Exercise:
Word for word, set down every line of the entries below from the line with "Passenger helicopter flying" to the line with "Red Abstract Print Silk Kurta Set", including both, and no other line.

---------- Data for analysis

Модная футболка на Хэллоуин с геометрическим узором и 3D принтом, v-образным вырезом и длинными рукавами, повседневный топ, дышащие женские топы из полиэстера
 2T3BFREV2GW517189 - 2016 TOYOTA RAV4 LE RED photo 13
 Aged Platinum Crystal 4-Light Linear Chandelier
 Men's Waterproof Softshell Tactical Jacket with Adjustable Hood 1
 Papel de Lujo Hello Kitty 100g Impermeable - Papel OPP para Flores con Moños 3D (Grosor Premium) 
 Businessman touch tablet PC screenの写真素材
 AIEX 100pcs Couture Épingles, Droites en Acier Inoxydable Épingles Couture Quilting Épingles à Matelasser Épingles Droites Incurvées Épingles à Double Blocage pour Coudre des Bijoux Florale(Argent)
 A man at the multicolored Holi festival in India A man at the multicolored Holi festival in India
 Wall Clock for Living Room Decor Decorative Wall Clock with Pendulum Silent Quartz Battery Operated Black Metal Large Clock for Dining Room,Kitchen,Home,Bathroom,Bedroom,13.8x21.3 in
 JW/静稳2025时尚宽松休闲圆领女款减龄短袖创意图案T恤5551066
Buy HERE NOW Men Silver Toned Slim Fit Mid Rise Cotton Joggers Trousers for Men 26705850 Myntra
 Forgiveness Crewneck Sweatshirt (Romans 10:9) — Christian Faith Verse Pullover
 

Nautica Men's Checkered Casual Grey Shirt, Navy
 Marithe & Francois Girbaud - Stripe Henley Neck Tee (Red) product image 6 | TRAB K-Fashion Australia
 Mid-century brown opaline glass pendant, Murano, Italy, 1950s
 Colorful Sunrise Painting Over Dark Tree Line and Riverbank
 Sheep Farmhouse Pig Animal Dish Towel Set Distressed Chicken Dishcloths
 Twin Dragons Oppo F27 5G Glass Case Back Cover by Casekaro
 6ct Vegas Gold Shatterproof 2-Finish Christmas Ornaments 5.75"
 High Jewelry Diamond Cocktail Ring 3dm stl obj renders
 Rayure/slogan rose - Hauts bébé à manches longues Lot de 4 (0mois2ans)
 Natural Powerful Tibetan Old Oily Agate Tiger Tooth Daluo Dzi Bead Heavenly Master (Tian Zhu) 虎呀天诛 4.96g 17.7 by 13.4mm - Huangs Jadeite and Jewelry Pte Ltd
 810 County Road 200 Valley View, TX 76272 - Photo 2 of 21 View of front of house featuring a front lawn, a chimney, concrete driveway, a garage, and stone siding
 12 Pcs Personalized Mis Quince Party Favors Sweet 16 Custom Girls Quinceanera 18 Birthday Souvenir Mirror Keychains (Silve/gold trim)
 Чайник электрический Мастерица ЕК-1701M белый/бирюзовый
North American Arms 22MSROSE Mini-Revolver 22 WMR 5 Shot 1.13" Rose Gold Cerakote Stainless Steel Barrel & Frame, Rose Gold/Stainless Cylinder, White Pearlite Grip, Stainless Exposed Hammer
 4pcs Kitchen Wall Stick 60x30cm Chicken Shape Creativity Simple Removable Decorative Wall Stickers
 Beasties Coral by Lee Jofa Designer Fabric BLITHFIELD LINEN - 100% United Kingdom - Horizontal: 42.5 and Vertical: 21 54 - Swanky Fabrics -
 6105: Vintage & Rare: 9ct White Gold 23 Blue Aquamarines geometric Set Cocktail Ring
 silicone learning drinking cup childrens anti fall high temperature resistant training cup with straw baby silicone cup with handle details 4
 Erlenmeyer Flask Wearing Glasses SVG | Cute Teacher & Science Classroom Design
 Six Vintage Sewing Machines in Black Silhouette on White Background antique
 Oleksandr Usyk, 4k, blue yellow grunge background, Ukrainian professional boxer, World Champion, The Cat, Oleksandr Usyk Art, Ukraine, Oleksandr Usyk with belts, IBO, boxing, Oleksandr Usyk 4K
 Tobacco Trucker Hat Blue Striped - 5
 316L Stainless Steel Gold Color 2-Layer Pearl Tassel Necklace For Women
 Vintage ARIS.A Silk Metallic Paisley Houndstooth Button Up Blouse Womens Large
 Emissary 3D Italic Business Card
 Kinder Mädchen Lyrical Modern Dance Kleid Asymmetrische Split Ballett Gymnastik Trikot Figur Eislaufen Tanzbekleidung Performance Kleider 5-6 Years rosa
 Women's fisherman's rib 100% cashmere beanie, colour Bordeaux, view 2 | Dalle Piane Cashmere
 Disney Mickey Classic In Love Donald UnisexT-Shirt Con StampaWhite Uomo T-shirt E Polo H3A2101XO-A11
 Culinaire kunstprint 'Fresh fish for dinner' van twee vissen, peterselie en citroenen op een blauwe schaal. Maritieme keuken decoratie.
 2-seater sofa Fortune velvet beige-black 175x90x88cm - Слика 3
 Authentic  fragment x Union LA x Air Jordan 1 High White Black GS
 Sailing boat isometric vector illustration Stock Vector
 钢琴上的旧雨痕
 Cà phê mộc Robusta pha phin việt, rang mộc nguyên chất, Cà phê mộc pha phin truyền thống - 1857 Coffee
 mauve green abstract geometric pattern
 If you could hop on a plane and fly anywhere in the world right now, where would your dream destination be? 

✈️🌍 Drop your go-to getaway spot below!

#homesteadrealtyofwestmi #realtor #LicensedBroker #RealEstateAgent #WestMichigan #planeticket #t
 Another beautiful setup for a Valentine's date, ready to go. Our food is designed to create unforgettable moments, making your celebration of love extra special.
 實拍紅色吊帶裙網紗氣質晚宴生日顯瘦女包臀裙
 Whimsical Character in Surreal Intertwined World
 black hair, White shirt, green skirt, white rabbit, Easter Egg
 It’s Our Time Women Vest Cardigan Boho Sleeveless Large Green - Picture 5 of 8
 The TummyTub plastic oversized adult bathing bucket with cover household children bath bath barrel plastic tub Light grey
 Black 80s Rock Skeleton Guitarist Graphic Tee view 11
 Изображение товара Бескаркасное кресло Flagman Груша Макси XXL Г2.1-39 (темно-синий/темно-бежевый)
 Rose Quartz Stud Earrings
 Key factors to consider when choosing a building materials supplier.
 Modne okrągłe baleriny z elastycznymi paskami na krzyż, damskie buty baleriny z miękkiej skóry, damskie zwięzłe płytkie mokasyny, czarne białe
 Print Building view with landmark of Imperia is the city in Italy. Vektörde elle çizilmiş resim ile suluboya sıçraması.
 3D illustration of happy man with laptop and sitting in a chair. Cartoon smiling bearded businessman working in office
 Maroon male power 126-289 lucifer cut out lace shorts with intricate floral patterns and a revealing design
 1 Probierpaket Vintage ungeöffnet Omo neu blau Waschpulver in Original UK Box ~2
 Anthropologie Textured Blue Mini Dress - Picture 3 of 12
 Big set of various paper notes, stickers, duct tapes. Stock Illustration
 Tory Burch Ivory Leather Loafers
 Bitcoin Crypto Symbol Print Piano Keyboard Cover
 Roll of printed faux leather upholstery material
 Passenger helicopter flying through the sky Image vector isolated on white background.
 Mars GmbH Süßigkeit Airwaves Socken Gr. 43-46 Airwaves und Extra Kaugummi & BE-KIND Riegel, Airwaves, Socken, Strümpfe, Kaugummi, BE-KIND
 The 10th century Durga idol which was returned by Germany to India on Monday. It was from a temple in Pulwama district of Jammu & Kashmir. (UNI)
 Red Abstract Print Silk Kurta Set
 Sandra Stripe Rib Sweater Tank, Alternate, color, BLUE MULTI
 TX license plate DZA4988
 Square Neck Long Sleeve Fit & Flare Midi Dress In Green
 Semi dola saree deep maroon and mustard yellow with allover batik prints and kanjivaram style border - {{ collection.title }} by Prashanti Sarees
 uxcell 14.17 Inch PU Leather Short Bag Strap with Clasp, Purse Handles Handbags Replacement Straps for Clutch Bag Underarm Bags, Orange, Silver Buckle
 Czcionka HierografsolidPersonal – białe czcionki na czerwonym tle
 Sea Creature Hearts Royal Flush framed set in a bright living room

--------------------

Solution to this task:
 Passenger helicopter flying through the sky Image vector isolated on white background.
 Mars GmbH Süßigkeit Airwaves Socken Gr. 43-46 Airwaves und Extra Kaugummi & BE-KIND Riegel, Airwaves, Socken, Strümpfe, Kaugummi, BE-KIND
 The 10th century Durga idol which was returned by Germany to India on Monday. It was from a temple in Pulwama district of Jammu & Kashmir. (UNI)
 Red Abstract Print Silk Kurta Set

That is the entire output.